(Web page caption snippets)
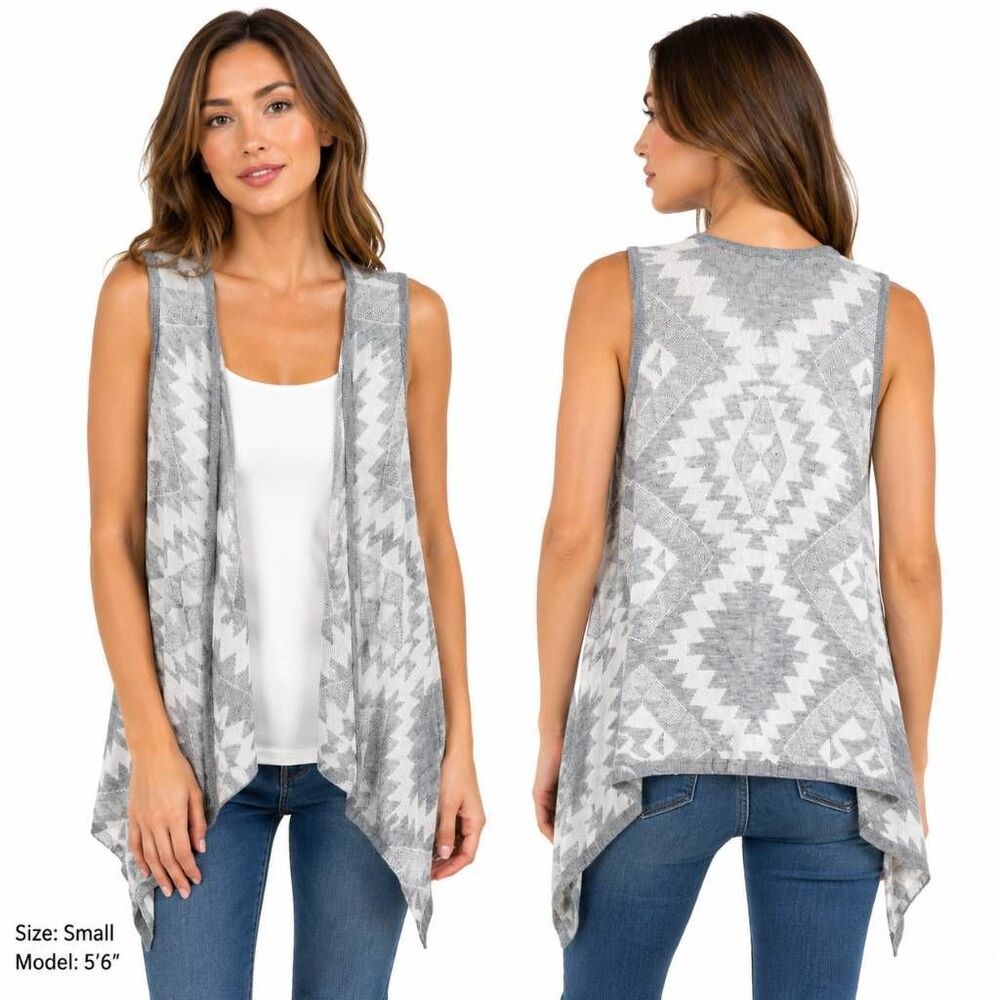 Vanity Aztec Waterfall Cardigan Vest Small Boho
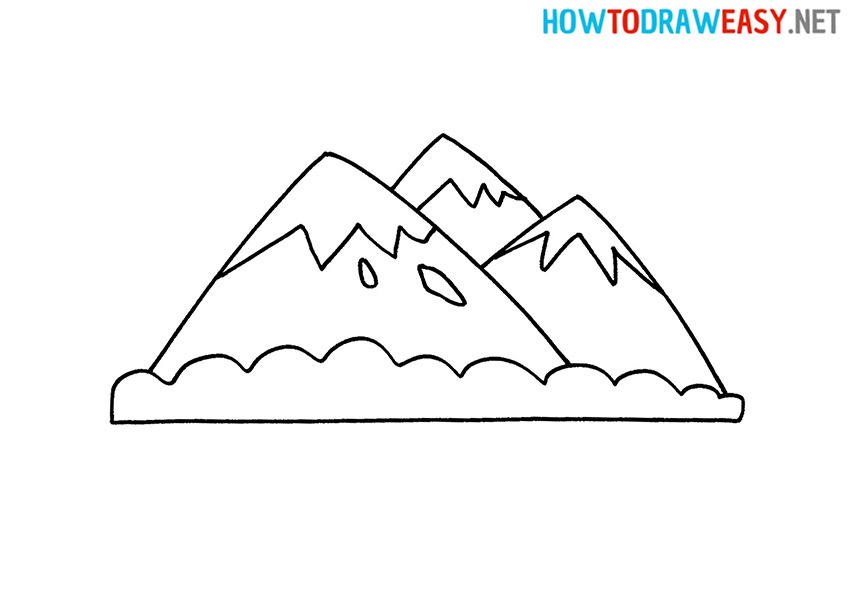 How to Draw a Cartoon Mountains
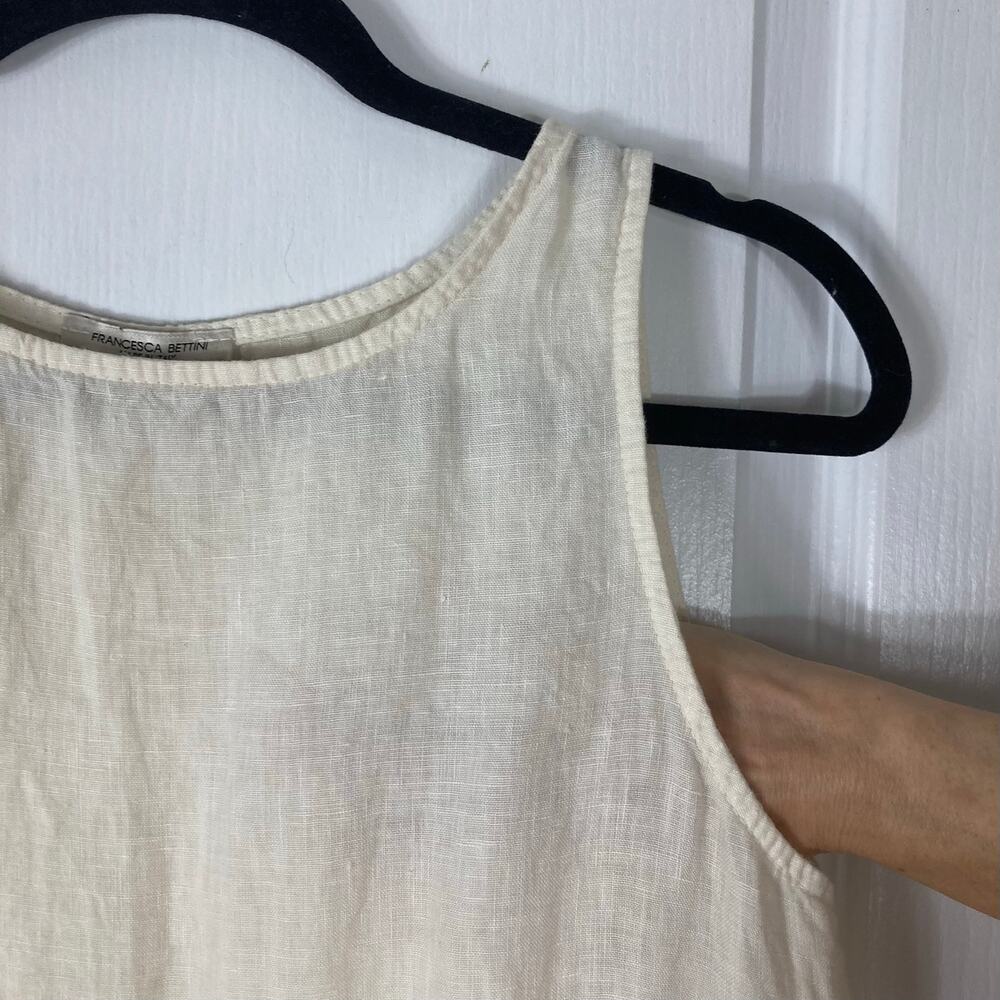NWOT FRANCESCA BETTINI Dress S ITALY Linen Cream A-Line Slit-Sides Maxi Midi - Picture 10 of 10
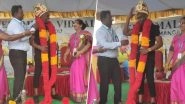 Chennai Super Kings' Dwayne Bravo Visits Velammal School in Mangadu, View Pics of Former West Indies All-Rounder
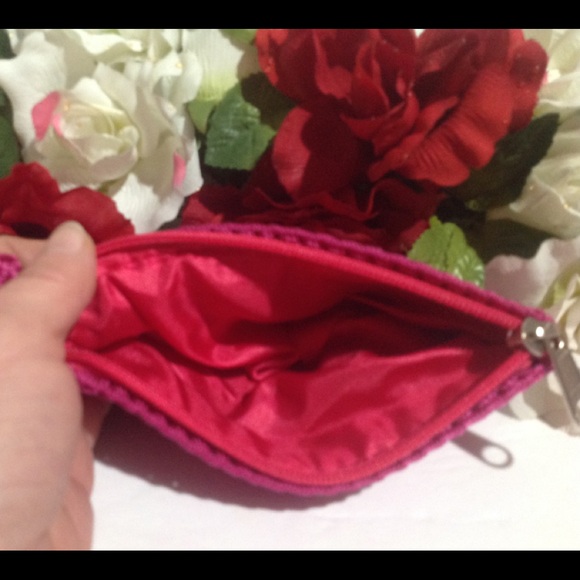 Pink Crochet Coin Purse Accessory Bag with strap - Picture 7 of 16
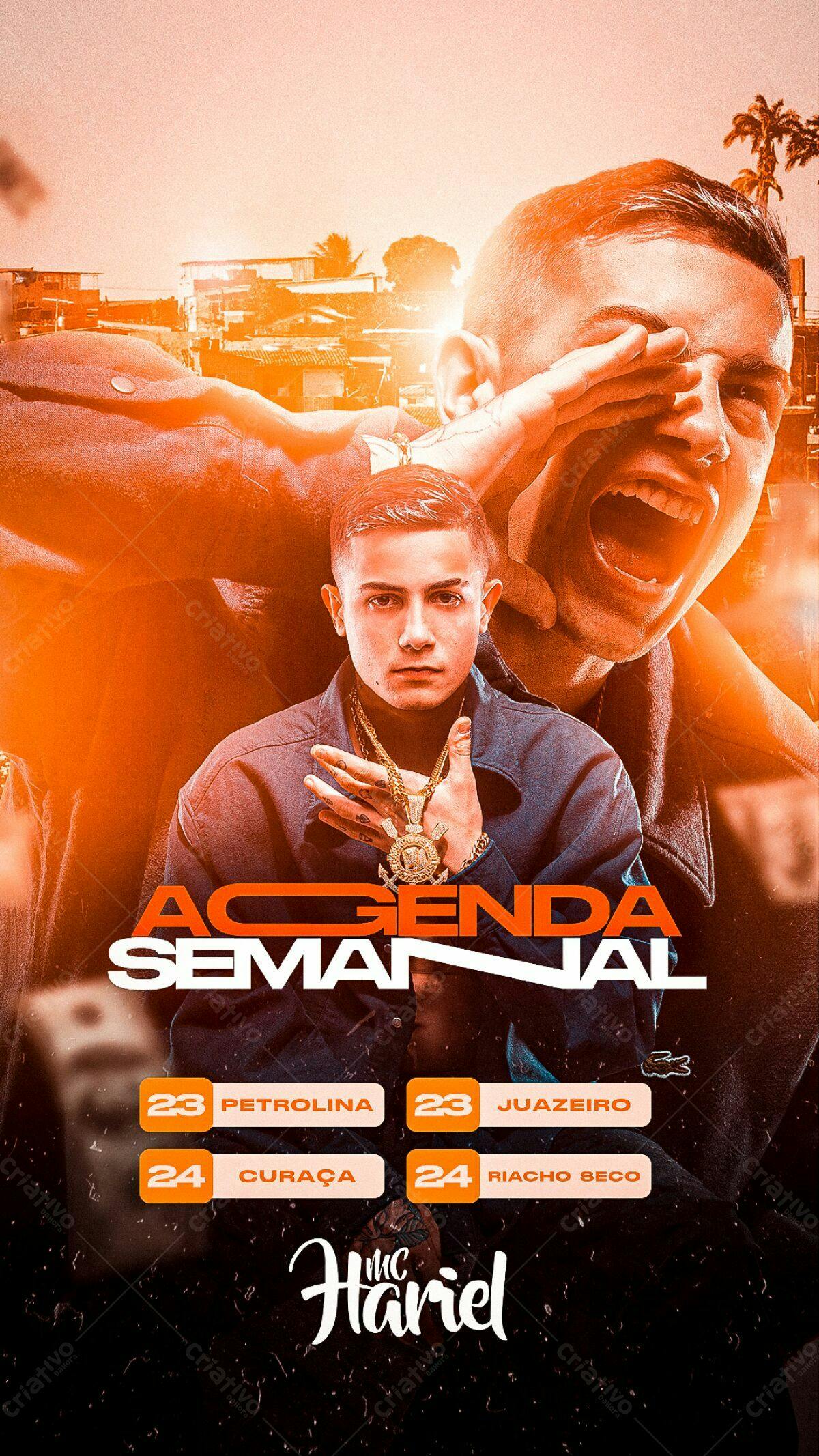 Flyer Agenda Semanal MC Hariel PSD Editável
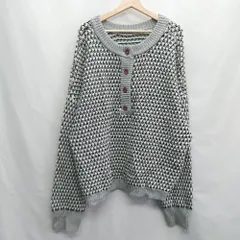 ■ ⊇ CLASSICALELF 2way ジャガード柄 長袖 ニット セーター サイズXL ブラック グレー ホワイト レディース E  【1410100002887】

> PROBLEM TO WORK ON: All of the entries above are to be transcribed word for word, with no pictures included.

> RESULT BELOW:
 Vanity Aztec Waterfall Cardigan Vest Small Boho
 How to Draw a Cartoon Mountains
NWOT FRANCESCA BETTINI Dress S ITALY Linen Cream A-Line Slit-Sides Maxi Midi - Picture 10 of 10
 Chennai Super Kings' Dwayne Bravo Visits Velammal School in Mangadu, View Pics of Former West Indies All-Rounder
 Pink Crochet Coin Purse Accessory Bag with strap - Picture 7 of 16
 Flyer Agenda Semanal MC Hariel PSD Editável
 ■ ⊇ CLASSICALELF 2way ジャガード柄 長袖 ニット セーター サイズXL ブラック グレー ホワイト レディース E  【1410100002887】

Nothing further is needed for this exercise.